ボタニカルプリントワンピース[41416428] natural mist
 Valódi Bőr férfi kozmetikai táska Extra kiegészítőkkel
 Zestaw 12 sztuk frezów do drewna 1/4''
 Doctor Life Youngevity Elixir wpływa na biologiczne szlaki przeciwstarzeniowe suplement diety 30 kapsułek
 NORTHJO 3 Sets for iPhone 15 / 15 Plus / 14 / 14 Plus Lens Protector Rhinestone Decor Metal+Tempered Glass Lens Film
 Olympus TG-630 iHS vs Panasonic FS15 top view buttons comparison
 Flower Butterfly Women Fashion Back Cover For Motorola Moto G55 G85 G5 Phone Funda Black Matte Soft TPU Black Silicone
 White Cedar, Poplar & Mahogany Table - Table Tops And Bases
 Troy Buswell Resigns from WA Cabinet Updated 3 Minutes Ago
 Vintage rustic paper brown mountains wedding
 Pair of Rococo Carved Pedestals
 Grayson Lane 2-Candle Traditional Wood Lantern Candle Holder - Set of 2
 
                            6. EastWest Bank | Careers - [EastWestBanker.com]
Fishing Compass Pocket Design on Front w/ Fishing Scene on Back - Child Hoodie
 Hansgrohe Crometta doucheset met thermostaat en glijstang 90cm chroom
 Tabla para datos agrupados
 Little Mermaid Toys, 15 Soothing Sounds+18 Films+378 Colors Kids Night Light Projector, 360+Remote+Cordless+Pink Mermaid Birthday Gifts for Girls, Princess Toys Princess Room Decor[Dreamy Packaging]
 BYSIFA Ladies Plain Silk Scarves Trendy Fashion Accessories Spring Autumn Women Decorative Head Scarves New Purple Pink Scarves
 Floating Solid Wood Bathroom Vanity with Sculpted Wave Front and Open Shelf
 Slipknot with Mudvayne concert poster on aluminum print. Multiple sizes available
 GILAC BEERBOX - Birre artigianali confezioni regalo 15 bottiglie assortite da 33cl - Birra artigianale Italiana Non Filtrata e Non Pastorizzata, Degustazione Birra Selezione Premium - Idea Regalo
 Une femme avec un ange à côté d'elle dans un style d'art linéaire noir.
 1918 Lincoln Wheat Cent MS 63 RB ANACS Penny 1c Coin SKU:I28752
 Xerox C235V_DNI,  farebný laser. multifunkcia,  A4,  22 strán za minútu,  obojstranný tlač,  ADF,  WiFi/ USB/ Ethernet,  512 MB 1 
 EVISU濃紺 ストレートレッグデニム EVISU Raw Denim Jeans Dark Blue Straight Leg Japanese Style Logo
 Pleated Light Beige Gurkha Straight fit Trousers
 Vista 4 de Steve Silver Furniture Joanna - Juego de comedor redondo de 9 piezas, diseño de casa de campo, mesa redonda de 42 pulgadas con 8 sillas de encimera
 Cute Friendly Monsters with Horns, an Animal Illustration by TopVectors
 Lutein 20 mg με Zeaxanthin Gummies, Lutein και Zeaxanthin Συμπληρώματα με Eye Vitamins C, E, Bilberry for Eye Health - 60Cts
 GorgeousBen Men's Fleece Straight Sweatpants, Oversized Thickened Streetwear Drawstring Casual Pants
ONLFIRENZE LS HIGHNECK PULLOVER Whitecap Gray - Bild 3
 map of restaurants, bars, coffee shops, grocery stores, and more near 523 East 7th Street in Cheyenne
++++
Set down the records again without altering a word.

→ **Your response**
ボタニカルプリントワンピース[41416428] natural mist
 Valódi Bőr férfi kozmetikai táska Extra kiegészítőkkel
 Zestaw 12 sztuk frezów do drewna 1/4''
 Doctor Life Youngevity Elixir wpływa na biologiczne szlaki przeciwstarzeniowe suplement diety 30 kapsułek
 NORTHJO 3 Sets for iPhone 15 / 15 Plus / 14 / 14 Plus Lens Protector Rhinestone Decor Metal+Tempered Glass Lens Film
 Olympus TG-630 iHS vs Panasonic FS15 top view buttons comparison
 Flower Butterfly Women Fashion Back Cover For Motorola Moto G55 G85 G5 Phone Funda Black Matte Soft TPU Black Silicone
 White Cedar, Poplar & Mahogany Table - Table Tops And Bases
 Troy Buswell Resigns from WA Cabinet Updated 3 Minutes Ago
 Vintage rustic paper brown mountains wedding
 Pair of Rococo Carved Pedestals
 Grayson Lane 2-Candle Traditional Wood Lantern Candle Holder - Set of 2
 
                            6. EastWest Bank | Careers - [EastWestBanker.com]
Fishing Compass Pocket Design on Front w/ Fishing Scene on Back - Child Hoodie
 Hansgrohe Crometta doucheset met thermostaat en glijstang 90cm chroom
 Tabla para datos agrupados
 Little Mermaid Toys, 15 Soothing Sounds+18 Films+378 Colors Kids Night Light Projector, 360+Remote+Cordless+Pink Mermaid Birthday Gifts for Girls, Princess Toys Princess Room Decor[Dreamy Packaging]
 BYSIFA Ladies Plain Silk Scarves Trendy Fashion Accessories Spring Autumn Women Decorative Head Scarves New Purple Pink Scarves
 Floating Solid Wood Bathroom Vanity with Sculpted Wave Front and Open Shelf
 Slipknot with Mudvayne concert poster on aluminum print. Multiple sizes available
 GILAC BEERBOX - Birre artigianali confezioni regalo 15 bottiglie assortite da 33cl - Birra artigianale Italiana Non Filtrata e Non Pastorizzata, Degustazione Birra Selezione Premium - Idea Regalo
 Une femme avec un ange à côté d'elle dans un style d'art linéaire noir.
 1918 Lincoln Wheat Cent MS 63 RB ANACS Penny 1c Coin SKU:I28752
 Xerox C235V_DNI,  farebný laser. multifunkcia,  A4,  22 strán za minútu,  obojstranný tlač,  ADF,  WiFi/ USB/ Ethernet,  512 MB 1 
 EVISU濃紺 ストレートレッグデニム EVISU Raw Denim Jeans Dark Blue Straight Leg Japanese Style Logo
 Pleated Light Beige Gurkha Straight fit Trousers
 Vista 4 de Steve Silver Furniture Joanna - Juego de comedor redondo de 9 piezas, diseño de casa de campo, mesa redonda de 42 pulgadas con 8 sillas de encimera
 Cute Friendly Monsters with Horns, an Animal Illustration by TopVectors
 Lutein 20 mg με Zeaxanthin Gummies, Lutein και Zeaxanthin Συμπληρώματα με Eye Vitamins C, E, Bilberry for Eye Health - 60Cts
 GorgeousBen Men's Fleece Straight Sweatpants, Oversized Thickened Streetwear Drawstring Casual Pants
ONLFIRENZE LS HIGHNECK PULLOVER Whitecap Gray - Bild 3
 map of restaurants, bars, coffee shops, grocery stores, and more near 523 East 7th Street in Cheyenne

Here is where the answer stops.